[Brief descriptive captions]
....

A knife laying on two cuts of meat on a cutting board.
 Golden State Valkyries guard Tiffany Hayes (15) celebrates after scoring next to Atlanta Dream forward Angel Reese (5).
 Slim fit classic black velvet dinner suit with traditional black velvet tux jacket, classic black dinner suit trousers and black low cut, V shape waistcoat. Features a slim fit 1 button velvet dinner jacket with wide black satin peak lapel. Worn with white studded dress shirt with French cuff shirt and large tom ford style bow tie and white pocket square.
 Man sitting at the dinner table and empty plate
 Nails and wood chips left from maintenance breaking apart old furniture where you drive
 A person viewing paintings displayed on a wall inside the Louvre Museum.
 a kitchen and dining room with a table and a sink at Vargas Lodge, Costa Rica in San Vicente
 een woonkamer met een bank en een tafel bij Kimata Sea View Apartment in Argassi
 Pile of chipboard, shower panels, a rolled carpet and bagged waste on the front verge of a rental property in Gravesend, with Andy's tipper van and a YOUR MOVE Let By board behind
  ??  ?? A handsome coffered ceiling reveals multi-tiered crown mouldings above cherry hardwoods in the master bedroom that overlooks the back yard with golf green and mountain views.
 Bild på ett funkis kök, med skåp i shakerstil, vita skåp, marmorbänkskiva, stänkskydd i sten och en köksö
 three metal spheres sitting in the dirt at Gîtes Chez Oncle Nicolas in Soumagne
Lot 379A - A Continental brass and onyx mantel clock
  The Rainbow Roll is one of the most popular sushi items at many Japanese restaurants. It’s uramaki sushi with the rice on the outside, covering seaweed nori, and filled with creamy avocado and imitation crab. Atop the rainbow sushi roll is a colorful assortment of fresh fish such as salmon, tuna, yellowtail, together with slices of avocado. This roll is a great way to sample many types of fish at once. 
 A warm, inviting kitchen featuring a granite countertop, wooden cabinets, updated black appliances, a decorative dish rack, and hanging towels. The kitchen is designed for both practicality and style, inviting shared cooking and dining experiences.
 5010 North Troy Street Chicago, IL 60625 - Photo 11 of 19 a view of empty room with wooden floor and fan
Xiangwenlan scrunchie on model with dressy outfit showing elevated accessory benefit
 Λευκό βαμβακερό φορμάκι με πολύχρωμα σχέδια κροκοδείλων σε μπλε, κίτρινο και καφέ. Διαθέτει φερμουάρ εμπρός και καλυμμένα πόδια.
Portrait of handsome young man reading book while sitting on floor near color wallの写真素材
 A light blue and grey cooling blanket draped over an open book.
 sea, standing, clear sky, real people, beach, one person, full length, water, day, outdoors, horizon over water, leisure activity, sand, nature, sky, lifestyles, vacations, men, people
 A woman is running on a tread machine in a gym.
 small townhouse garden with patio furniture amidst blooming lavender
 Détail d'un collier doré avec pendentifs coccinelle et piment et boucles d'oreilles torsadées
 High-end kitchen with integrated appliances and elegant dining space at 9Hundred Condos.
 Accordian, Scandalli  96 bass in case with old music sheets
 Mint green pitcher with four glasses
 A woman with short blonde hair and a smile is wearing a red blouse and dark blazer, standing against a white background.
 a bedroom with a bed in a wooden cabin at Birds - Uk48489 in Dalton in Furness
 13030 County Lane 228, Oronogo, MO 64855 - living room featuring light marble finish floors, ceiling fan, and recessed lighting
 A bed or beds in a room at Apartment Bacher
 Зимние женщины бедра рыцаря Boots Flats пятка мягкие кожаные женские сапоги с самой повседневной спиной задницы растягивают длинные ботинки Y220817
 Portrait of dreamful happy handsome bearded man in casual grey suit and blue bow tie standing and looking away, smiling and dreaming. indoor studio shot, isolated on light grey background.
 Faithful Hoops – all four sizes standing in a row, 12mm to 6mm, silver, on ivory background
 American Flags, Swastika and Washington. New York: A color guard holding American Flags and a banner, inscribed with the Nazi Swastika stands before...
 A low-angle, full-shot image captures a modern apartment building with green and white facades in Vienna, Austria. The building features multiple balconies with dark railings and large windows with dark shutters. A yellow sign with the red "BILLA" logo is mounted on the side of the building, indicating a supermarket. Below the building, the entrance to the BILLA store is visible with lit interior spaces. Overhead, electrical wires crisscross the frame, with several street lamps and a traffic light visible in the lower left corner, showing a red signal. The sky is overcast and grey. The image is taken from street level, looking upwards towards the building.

....

● What to do
Each line of the data above is to be set down exactly.

● Task output
A knife laying on two cuts of meat on a cutting board.
 Golden State Valkyries guard Tiffany Hayes (15) celebrates after scoring next to Atlanta Dream forward Angel Reese (5).
 Slim fit classic black velvet dinner suit with traditional black velvet tux jacket, classic black dinner suit trousers and black low cut, V shape waistcoat. Features a slim fit 1 button velvet dinner jacket with wide black satin peak lapel. Worn with white studded dress shirt with French cuff shirt and large tom ford style bow tie and white pocket square.
 Man sitting at the dinner table and empty plate
 Nails and wood chips left from maintenance breaking apart old furniture where you drive
 A person viewing paintings displayed on a wall inside the Louvre Museum.
 a kitchen and dining room with a table and a sink at Vargas Lodge, Costa Rica in San Vicente
 een woonkamer met een bank en een tafel bij Kimata Sea View Apartment in Argassi
 Pile of chipboard, shower panels, a rolled carpet and bagged waste on the front verge of a rental property in Gravesend, with Andy's tipper van and a YOUR MOVE Let By board behind
  ??  ?? A handsome coffered ceiling reveals multi-tiered crown mouldings above cherry hardwoods in the master bedroom that overlooks the back yard with golf green and mountain views.
 Bild på ett funkis kök, med skåp i shakerstil, vita skåp, marmorbänkskiva, stänkskydd i sten och en köksö
 three metal spheres sitting in the dirt at Gîtes Chez Oncle Nicolas in Soumagne
Lot 379A - A Continental brass and onyx mantel clock
  The Rainbow Roll is one of the most popular sushi items at many Japanese restaurants. It’s uramaki sushi with the rice on the outside, covering seaweed nori, and filled with creamy avocado and imitation crab. Atop the rainbow sushi roll is a colorful assortment of fresh fish such as salmon, tuna, yellowtail, together with slices of avocado. This roll is a great way to sample many types of fish at once. 
 A warm, inviting kitchen featuring a granite countertop, wooden cabinets, updated black appliances, a decorative dish rack, and hanging towels. The kitchen is designed for both practicality and style, inviting shared cooking and dining experiences.
 5010 North Troy Street Chicago, IL 60625 - Photo 11 of 19 a view of empty room with wooden floor and fan
Xiangwenlan scrunchie on model with dressy outfit showing elevated accessory benefit
 Λευκό βαμβακερό φορμάκι με πολύχρωμα σχέδια κροκοδείλων σε μπλε, κίτρινο και καφέ. Διαθέτει φερμουάρ εμπρός και καλυμμένα πόδια.
Portrait of handsome young man reading book while sitting on floor near color wallの写真素材
 A light blue and grey cooling blanket draped over an open book.
 sea, standing, clear sky, real people, beach, one person, full length, water, day, outdoors, horizon over water, leisure activity, sand, nature, sky, lifestyles, vacations, men, people
 A woman is running on a tread machine in a gym.
 small townhouse garden with patio furniture amidst blooming lavender
 Détail d'un collier doré avec pendentifs coccinelle et piment et boucles d'oreilles torsadées
 High-end kitchen with integrated appliances and elegant dining space at 9Hundred Condos.
 Accordian, Scandalli  96 bass in case with old music sheets
 Mint green pitcher with four glasses
 A woman with short blonde hair and a smile is wearing a red blouse and dark blazer, standing against a white background.
 a bedroom with a bed in a wooden cabin at Birds - Uk48489 in Dalton in Furness
 13030 County Lane 228, Oronogo, MO 64855 - living room featuring light marble finish floors, ceiling fan, and recessed lighting
 A bed or beds in a room at Apartment Bacher
 Зимние женщины бедра рыцаря Boots Flats пятка мягкие кожаные женские сапоги с самой повседневной спиной задницы растягивают длинные ботинки Y220817
 Portrait of dreamful happy handsome bearded man in casual grey suit and blue bow tie standing and looking away, smiling and dreaming. indoor studio shot, isolated on light grey background.
 Faithful Hoops – all four sizes standing in a row, 12mm to 6mm, silver, on ivory background
 American Flags, Swastika and Washington. New York: A color guard holding American Flags and a banner, inscribed with the Nazi Swastika stands before...
 A low-angle, full-shot image captures a modern apartment building with green and white facades in Vienna, Austria. The building features multiple balconies with dark railings and large windows with dark shutters. A yellow sign with the red "BILLA" logo is mounted on the side of the building, indicating a supermarket. Below the building, the entrance to the BILLA store is visible with lit interior spaces. Overhead, electrical wires crisscross the frame, with several street lamps and a traffic light visible in the lower left corner, showing a red signal. The sky is overcast and grey. The image is taken from street level, looking upwards towards the building.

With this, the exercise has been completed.